BEGIN

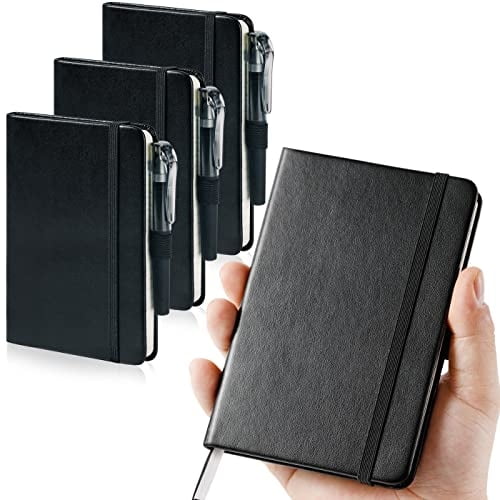 (Set de 3) Cuaderno de Bolsillo, Diario de Tapa Dura Pequeño Mini c/Bolígrafos - Trabajo, Cuaderno A6 9.4cm x 14.5cm Líneas Gruesas 100Gsm, Cuero Negro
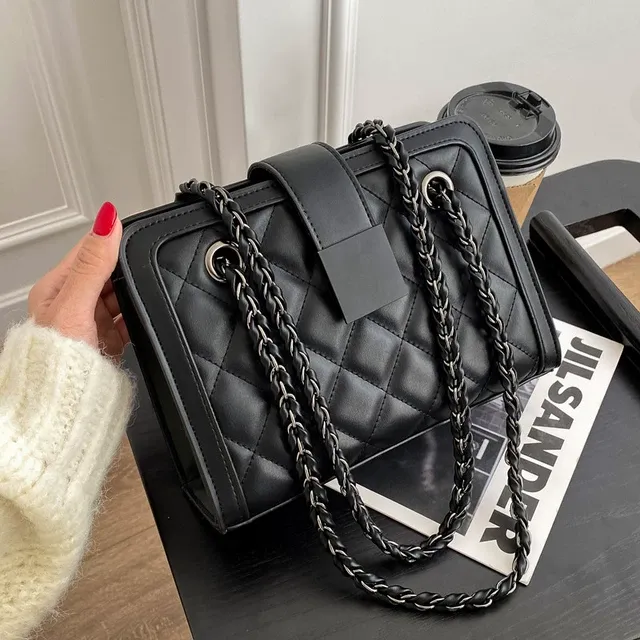 质感包包女2025新款潮小方包单肩斜挎包时尚复古腋下包菱格链条包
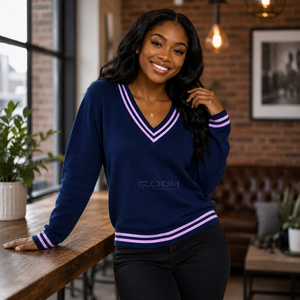 Cosh International Acrylic Sisterhood Sorority <b>Cardigan</b> Winter Sweater <b>Navy</b> Blue V-Neck Knitted <b>Cardigan</b> with Pink Trim - Product Image 4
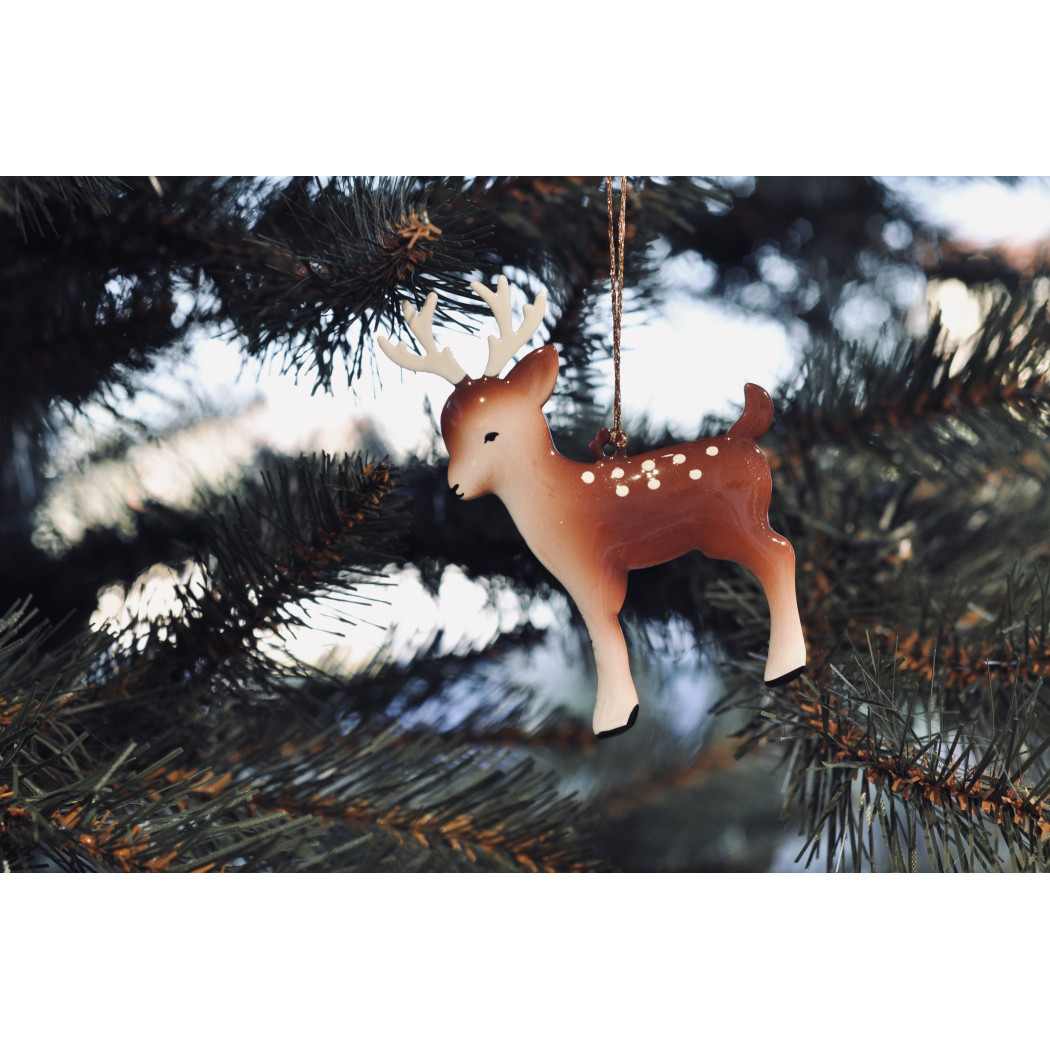 Bambi z Kropkami z Porożem - Dekoracja Bożonarodzeniowa - Metal Ornament Bambi - Akcesoria dla Lalek - Maileg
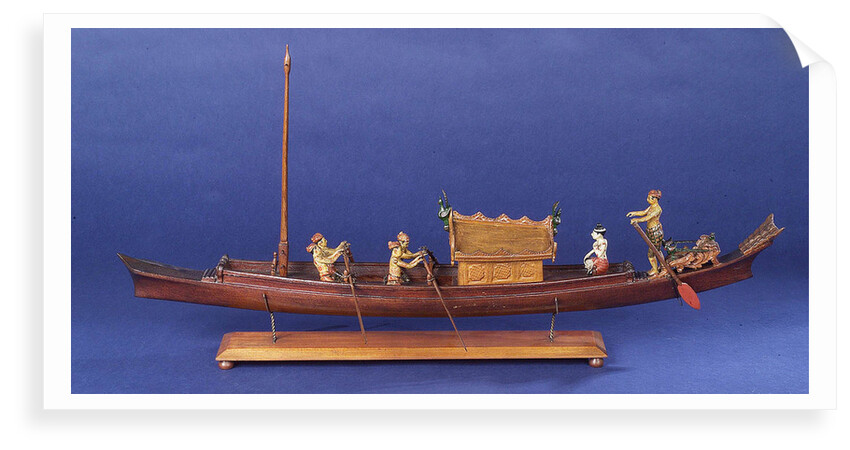Burmese ceremonial barge, port broadside by unknown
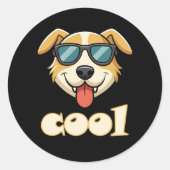 Happy - Cool Cartoon Dog Ronde Sticker (Voorkant)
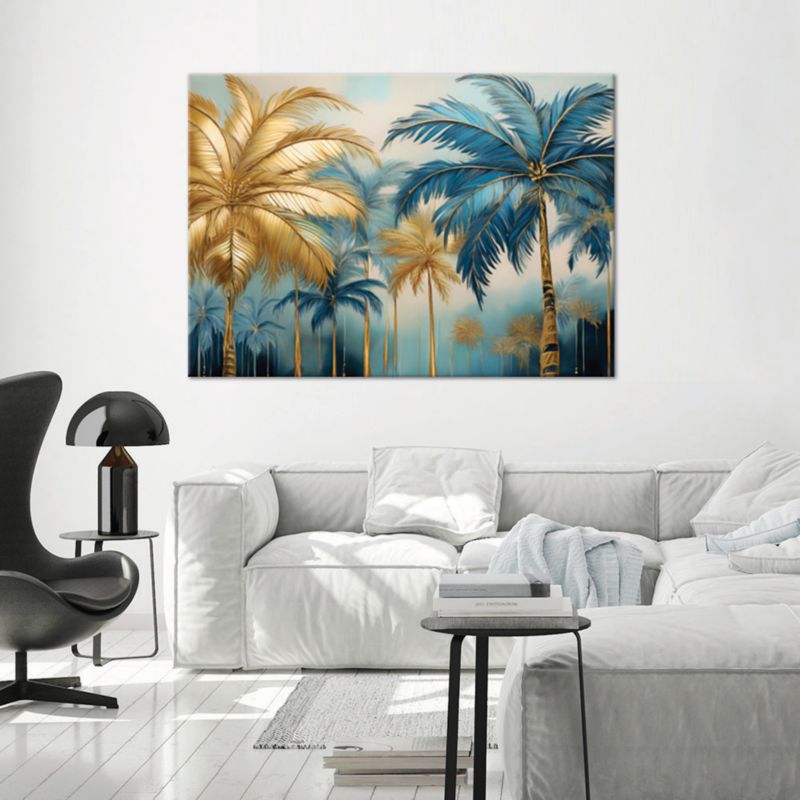 Obraz do salonu Feeby Złoto Niebieskie Palmy Abstrakcja 100x70 cm 1szt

END

TASK INSTRUCTIONS »
Copy the material above word for word, images excluded.

SOLUTION TO THIS EXERCISE »
 (Set de 3) Cuaderno de Bolsillo, Diario de Tapa Dura Pequeño Mini c/Bolígrafos - Trabajo, Cuaderno A6 9.4cm x 14.5cm Líneas Gruesas 100Gsm, Cuero Negro
 质感包包女2025新款潮小方包单肩斜挎包时尚复古腋下包菱格链条包
 Cosh International Acrylic Sisterhood Sorority <b>Cardigan</b> Winter Sweater <b>Navy</b> Blue V-Neck Knitted <b>Cardigan</b> with Pink Trim - Product Image 4
 Bambi z Kropkami z Porożem - Dekoracja Bożonarodzeniowa - Metal Ornament Bambi - Akcesoria dla Lalek - Maileg
Burmese ceremonial barge, port broadside by unknown
 Happy - Cool Cartoon Dog Ronde Sticker (Voorkant)
 Obraz do salonu Feeby Złoto Niebieskie Palmy Abstrakcja 100x70 cm 1szt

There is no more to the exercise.